Dataset extract:
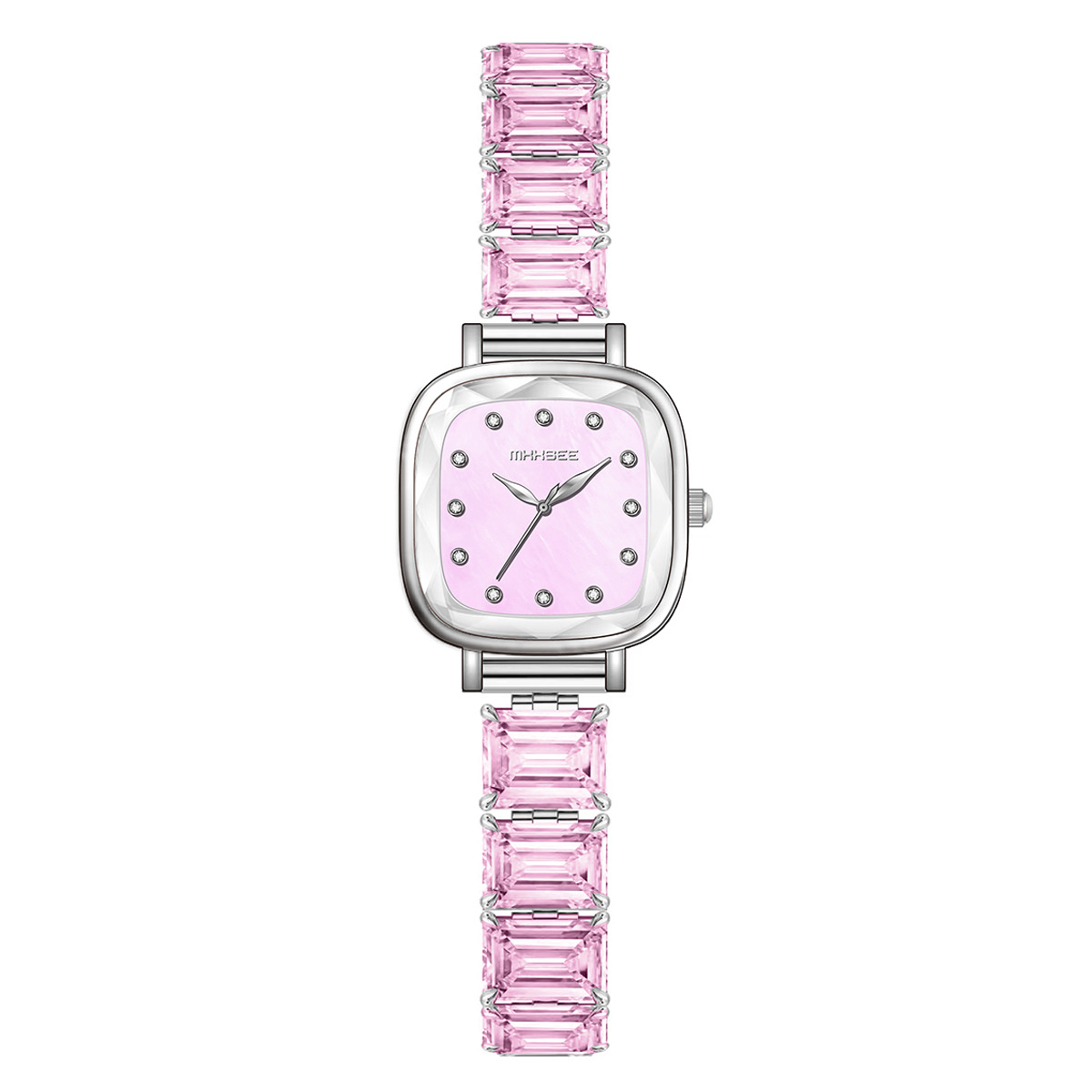 2025 High-end Women Watch Diam - Luxury Watch Female ulasan dan harga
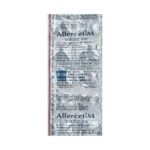 Buy ALLERCET M Online at Classic Medico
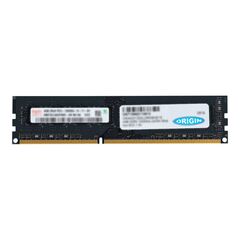 Origin Storage - DDR3L - module - 8 GB - DIM | OM8G31600U2RX8E135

Problem to work on: With the pictures removed, set down every line of the listing above exactly.

Answer area:
 2025 High-end Women Watch Diam - Luxury Watch Female ulasan dan harga
 Buy ALLERCET M Online at Classic Medico
 Origin Storage - DDR3L - module - 8 GB - DIM | OM8G31600U2RX8E135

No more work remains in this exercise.